I’m sure my time in the Peace Corps in Honduras helped push me along. As did the two years I taught in Egypt with my husband. During our seven years in Ethiopia our twin boys were born, and they moved with us to Taiwan and then on to Malaysia.
So by the time we moved to my hometown of Boise, Idaho when the boys were seven, we had been around the world a time or two. We had also learned to thrive on the unexpected nature of travel in third world nations.
But yet – there was another side of us. That side that believed – truly believed – that to be a “proper” parent, one must do what’s expected. One must drop the kids off at daycare, work all day, pick the kids up, fix a quick dinner, take the kids to soccer practice, and then collapse into bed utterly exhausted. After all – that’s what society raised us to believe is right. That’s what we should want.
And so it was that I went about my daily routine. I taught all day dealing with unruly teenagers. By the time I got home, I was too tired to truly enjoy my own boys. But I didn’t question it because…well, I was living the American Dream – and doesn’t everybody want the American Dream?
And then came the day – a beautiful spring day in March of 2006. That day, John slumped into our house after a particularly rough day in the classroom (he’s a teacher too) and collapsed into his favorite chair by the window. His eyes glazed over and I knew he wasn’t looking at the lawn which desperately needed mowing or the barn which needed fixing. He was farther away. Much farther away.
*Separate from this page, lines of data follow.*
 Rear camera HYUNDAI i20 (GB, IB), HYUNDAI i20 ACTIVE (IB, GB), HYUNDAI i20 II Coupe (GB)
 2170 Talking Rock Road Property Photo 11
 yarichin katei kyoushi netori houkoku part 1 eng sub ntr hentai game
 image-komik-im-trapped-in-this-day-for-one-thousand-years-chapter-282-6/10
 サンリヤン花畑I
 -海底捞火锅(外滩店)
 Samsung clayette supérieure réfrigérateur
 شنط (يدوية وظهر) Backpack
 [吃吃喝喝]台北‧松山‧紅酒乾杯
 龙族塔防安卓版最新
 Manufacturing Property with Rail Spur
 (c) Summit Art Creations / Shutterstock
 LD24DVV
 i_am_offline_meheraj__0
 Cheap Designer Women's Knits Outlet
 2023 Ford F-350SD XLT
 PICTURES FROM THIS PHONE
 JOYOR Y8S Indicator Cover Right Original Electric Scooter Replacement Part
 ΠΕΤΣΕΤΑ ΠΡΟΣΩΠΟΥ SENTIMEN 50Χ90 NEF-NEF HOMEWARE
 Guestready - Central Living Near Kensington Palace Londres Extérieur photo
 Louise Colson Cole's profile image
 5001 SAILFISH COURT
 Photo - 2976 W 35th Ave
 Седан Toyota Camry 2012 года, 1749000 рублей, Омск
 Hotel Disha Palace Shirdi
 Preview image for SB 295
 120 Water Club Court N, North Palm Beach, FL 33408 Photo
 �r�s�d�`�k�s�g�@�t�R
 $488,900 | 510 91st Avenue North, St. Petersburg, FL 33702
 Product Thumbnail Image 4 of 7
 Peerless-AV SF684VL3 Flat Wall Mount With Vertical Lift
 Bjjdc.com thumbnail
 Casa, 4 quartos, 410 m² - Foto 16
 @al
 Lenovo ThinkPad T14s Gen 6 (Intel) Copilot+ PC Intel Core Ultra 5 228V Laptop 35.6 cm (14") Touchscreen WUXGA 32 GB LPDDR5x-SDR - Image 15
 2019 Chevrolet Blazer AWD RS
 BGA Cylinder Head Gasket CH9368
Was this the way I wanted it to be? Was the American Dream the be-all and end-all?
“Nancy,” he said, “I can’t do this. I need to get away. I want to buy a triple bike and take off. Just me and the kids – out exploring the world. We’ll be the three musketeers. We’ll be Mr. Incredible and his children saving the world from destruction and injustice! We’ll be Superman and Spiderman and the Incredible Hulk rolled into one! Oh yeah – and you can tag along too.”
I started thinking about our life in Boise, Idaho and the American Dream? And I started to wonder about the real question: Was this the way I wanted it to be? Was the American Dream the be-all and end-all? Was it the path to enlightenment and roadway to happiness? Would I, could I, be content with a big house in the suburbs and some cars? Was that really what life was all about?
Within a few weeks we had made the decision to go for it. Life was too short to not go and besides – our boys would never be eight years old again. Two months later we headed out to see our country with our boys.
We spent one year on the road that time. Twelve months of being together, growing together, learning together. 365 days of taking on challenges together as a family and triumphing over them. In short – it was one year of magic.
And so – the decision to take off again came easily. We knew the challenges we would face. We knew the rewards. We knew the magic.
Now, we are nine months into a 20,000-mile trek from Alaska to Argentina. We’ve pedaled 7000 miles, camped on the side of the road about 200 nights, and consumed more granola bars than I can count. But we’ve also grown together as a family and forged a bond that cannot be broken. And for us – that’s what keeps us going.